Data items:
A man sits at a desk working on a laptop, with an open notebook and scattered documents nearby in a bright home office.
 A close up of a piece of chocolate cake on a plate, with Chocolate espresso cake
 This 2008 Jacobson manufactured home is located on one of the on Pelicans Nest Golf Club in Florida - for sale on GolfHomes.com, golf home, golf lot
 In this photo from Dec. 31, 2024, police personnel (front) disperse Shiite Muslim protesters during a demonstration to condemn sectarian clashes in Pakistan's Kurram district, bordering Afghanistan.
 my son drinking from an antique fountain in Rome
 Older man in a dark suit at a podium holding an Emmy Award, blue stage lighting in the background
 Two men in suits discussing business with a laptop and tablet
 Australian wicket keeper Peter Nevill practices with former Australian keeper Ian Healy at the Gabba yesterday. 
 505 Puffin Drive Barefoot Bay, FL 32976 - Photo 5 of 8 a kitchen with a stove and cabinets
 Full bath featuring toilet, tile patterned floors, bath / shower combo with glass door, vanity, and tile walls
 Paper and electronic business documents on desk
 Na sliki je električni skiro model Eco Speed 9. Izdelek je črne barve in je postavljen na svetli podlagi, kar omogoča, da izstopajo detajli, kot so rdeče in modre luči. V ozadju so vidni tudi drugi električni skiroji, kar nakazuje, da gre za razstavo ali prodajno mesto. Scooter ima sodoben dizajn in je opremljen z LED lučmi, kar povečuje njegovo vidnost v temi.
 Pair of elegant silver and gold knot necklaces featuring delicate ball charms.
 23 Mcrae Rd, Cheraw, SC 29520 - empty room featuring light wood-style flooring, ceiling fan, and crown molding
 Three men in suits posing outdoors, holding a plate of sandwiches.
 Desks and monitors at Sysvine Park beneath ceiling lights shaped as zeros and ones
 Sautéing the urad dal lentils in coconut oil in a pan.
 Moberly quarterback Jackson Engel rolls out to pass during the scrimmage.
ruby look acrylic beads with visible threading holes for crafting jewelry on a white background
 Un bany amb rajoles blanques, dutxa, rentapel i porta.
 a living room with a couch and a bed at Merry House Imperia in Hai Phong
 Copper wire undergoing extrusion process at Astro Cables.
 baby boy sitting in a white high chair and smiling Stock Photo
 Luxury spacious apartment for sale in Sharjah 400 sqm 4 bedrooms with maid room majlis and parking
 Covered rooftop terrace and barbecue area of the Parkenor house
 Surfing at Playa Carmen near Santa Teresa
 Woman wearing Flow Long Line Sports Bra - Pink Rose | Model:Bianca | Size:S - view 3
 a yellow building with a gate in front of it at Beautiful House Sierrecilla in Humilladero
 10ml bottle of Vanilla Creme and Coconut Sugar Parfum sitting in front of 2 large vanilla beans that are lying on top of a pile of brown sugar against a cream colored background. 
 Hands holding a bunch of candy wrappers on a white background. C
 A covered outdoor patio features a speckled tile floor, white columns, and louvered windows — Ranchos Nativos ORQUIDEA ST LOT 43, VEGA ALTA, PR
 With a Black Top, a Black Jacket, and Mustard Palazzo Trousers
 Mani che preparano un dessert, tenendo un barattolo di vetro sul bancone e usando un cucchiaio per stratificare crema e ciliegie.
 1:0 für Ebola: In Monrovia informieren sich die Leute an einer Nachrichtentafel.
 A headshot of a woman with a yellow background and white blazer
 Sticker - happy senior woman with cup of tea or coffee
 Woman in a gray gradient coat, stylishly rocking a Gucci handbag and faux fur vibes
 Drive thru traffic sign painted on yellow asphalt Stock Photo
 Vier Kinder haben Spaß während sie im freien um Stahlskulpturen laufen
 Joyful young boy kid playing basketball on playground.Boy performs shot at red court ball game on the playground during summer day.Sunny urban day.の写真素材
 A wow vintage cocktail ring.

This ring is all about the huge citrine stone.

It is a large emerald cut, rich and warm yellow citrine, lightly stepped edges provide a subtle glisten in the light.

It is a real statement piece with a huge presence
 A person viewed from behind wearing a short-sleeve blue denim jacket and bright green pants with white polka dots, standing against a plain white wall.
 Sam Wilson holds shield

● Problem
In the entries above, one line contains "Joyful young boy" and another contains "This ring is". Reproduce exactly those two lines and the lines between them, nothing else.

● Exercise output
 Joyful young boy kid playing basketball on playground.Boy performs shot at red court ball game on the playground during summer day.Sunny urban day.の写真素材
 A wow vintage cocktail ring.

This ring is all about the huge citrine stone.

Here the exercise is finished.